Showing posts with label public affairs officer. Show all posts
Showing posts with label public affairs officer. Show all posts

Thursday, April 3, 2008

Marine Col. Jenny Holbert 30 year career Marine


Holbert managed 40 military correspondents and oversaw 70 civilian reporters during the battle to control Fallujah, Iraq. (Courtesy photo)


Life in the Marine Corps full of reward, pain
By Kate Wiltrout
The Virginian-Pilot
© April 3, 2008
NORFOLK

During 30 years in the Marine Corps and reserves, Col. Jenny Holbert witnessed a revolution in women’s military service – and confronted the personal costs and professional perils of war.

When Holbert enlisted in 1978, women at Parris Island, S.C., weren’t taught to shoot – but they were educated in luncheon etiquette and how to wear gloves and apply cosmetics.

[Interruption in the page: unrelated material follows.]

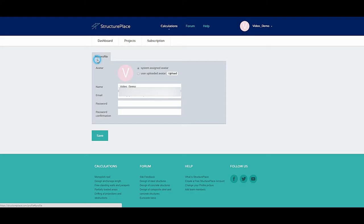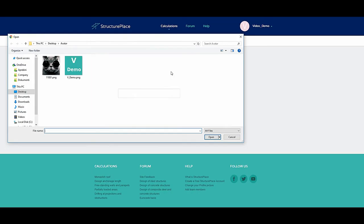Enter your email address or username, as well as password. To proceed, click button Login.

They weren’t supposed to wear camouflage.

Today, Holbert finishes her post as a public affairs officer with the Marine Corps Forces Command in Norfolk. After two months at Quantico, she’ll hang up her camouflage at the end of May.

During the first Gulf War, Holbert learned what it’s like to be the spouse left behind when a parent deploys. Her husband, a Marine tank officer, was sent to Saudi Arabia after Saddam Hussein invaded Kuwait. Then a reservist, Holbert was called up to active duty and worked 14 to 16 hours a day.

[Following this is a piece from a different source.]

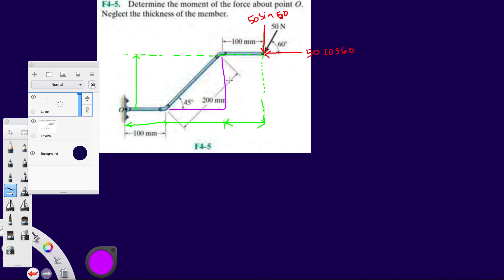We'll get that by computing the side lengths of this triangle. The hypotenuse is 200 millimeters, and the angle is given with the horizontal. So the Y component of that segment is 200 sine 45, and the X component will be 200 cosine 45.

“Honestly, about the first 30 days that Lloyd had left, I was very angry with him for leaving me, because I was stuck,” she said. “It was just so difficult, trying to hold everything together and you’ve got the kids wondering what’s going on.”

“Sometimes I’d come home, and the kids had been watching TV and they wanted to know if Daddy died,” she recalled.

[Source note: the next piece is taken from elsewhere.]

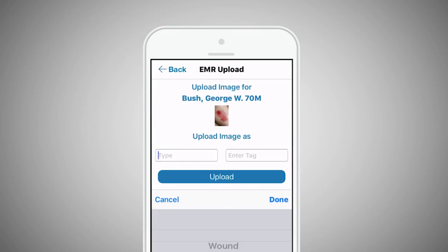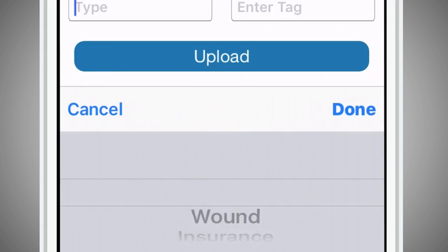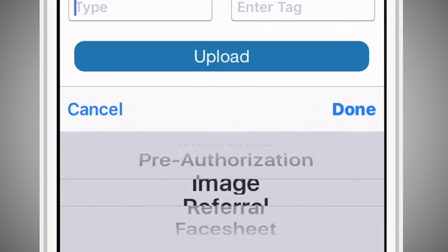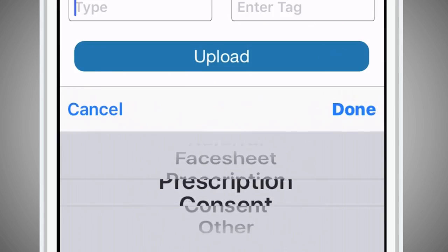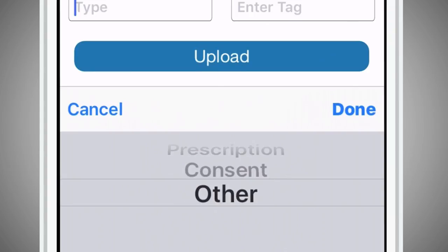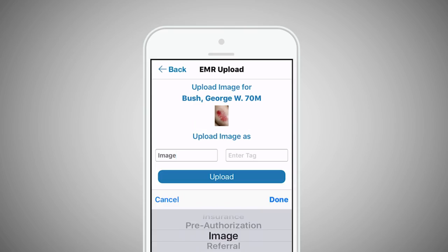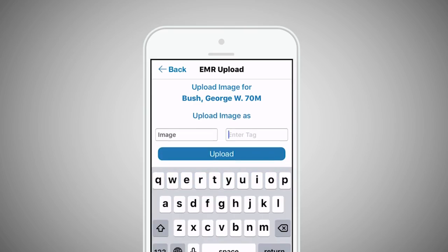Next, select the type of file that you are uploading, by either typing or selecting from the predetermined list. Then tag the file with the appropriate descriptive text. These steps will help in identifying the file in the EMR.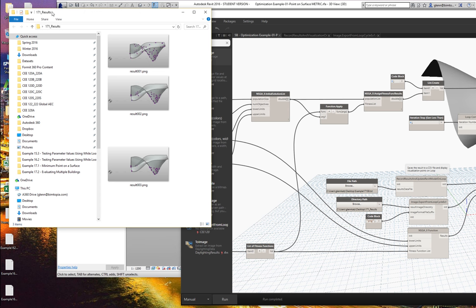It ran three iterations and stopped at four. So you can start to get a little bit of history of what's going on. When we come back from break, we're going to use this very same infrastructure — recording things in terms of data and recording images of every loop — but instead of putting points on the surface, we're going to move building forms around, change a bunch of different buildings at the same time, and try to converge on something.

She remembers a surreal scene at a kids’ birthday party at Chuck E. Cheese near Twenty nine Palms, Calif. There wasn’t a single man present. The entire Marine division had been sent overseas.

Holbert and her husband eventually divorced. In 2004, her children now grown, she was sent to Iraq.

“It was my first deployment ever to a combat zone. When I was a young Marine, a female officer, women didn’t deploy. You might fly in – I was a finance officer at the time – to pay Marines, but then you’d leave again,” she said.